WORK REQUIRED:
Copy nothing but the lines below, from the one with "This is Optimal" through the one with "DVT is dangerous", exactly as written; no pictures should appear.

::: DATA :::

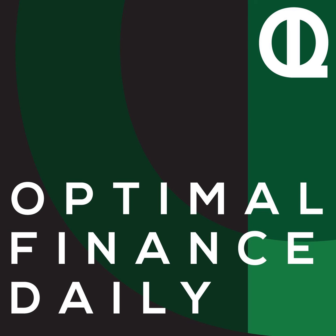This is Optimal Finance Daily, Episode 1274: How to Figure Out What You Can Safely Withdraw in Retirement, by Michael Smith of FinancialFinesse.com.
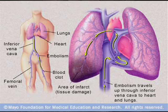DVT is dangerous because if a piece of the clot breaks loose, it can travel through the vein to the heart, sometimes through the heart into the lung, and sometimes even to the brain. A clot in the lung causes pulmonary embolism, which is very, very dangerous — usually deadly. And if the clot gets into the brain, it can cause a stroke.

:::
::: DATA :::

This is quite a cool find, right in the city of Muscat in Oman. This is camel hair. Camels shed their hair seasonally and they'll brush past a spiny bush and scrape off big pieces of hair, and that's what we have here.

:::

ANSWER:
This is Optimal Finance Daily, Episode 1274: How to Figure Out What You Can Safely Withdraw in Retirement, by Michael Smith of FinancialFinesse.com.
DVT is dangerous because if a piece of the clot breaks loose, it can travel through the vein to the heart, sometimes through the heart into the lung, and sometimes even to the brain. A clot in the lung causes pulmonary embolism, which is very, very dangerous — usually deadly. And if the clot gets into the brain, it can cause a stroke.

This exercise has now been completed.